**Recorded data:**
########################################

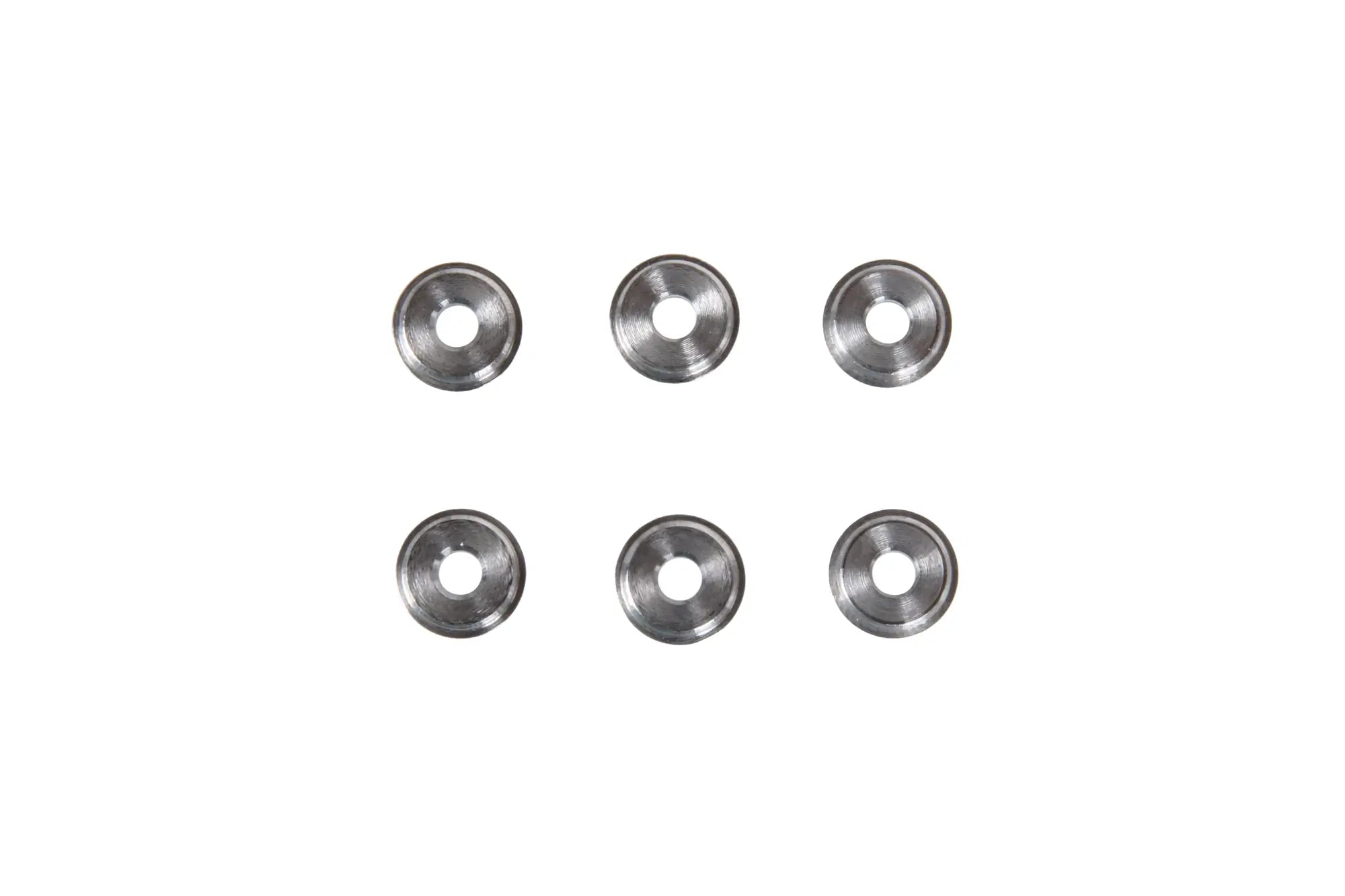 Set of 6 plain bearings 8mm TopMax Inox Low Profile-1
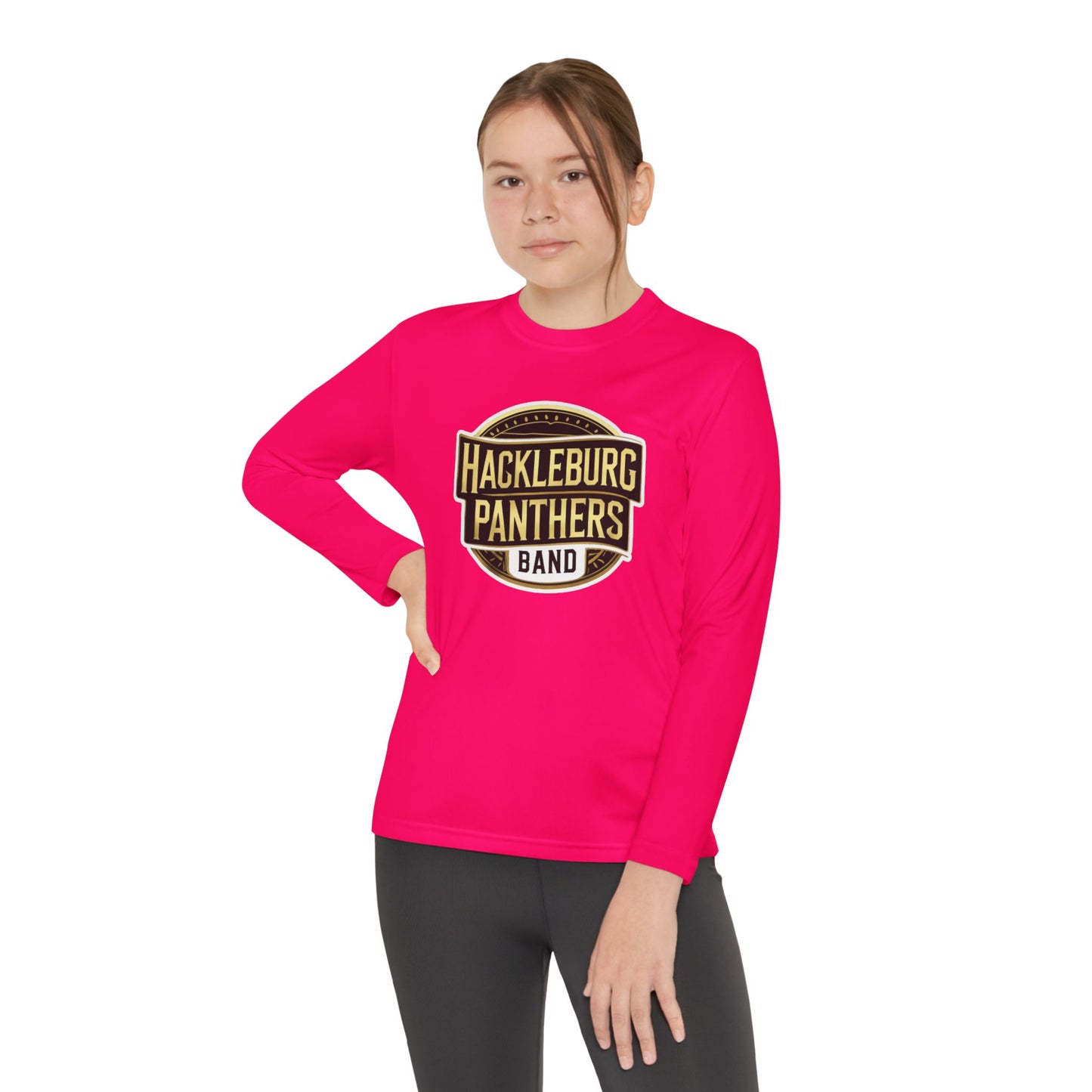 Youth Long Sleeve Tee \ Hackleburg Panthers Band \ HPB2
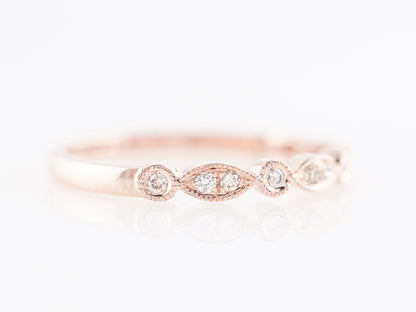 Half Eternity Diamond Band in 14k Rose Gold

########################################

**Task brief:** Please set down every line of the listing verbatim, excluding its pictures.

**Your solution:**
 Set of 6 plain bearings 8mm TopMax Inox Low Profile-1
 Youth Long Sleeve Tee \ Hackleburg Panthers Band \ HPB2
 Half Eternity Diamond Band in 14k Rose Gold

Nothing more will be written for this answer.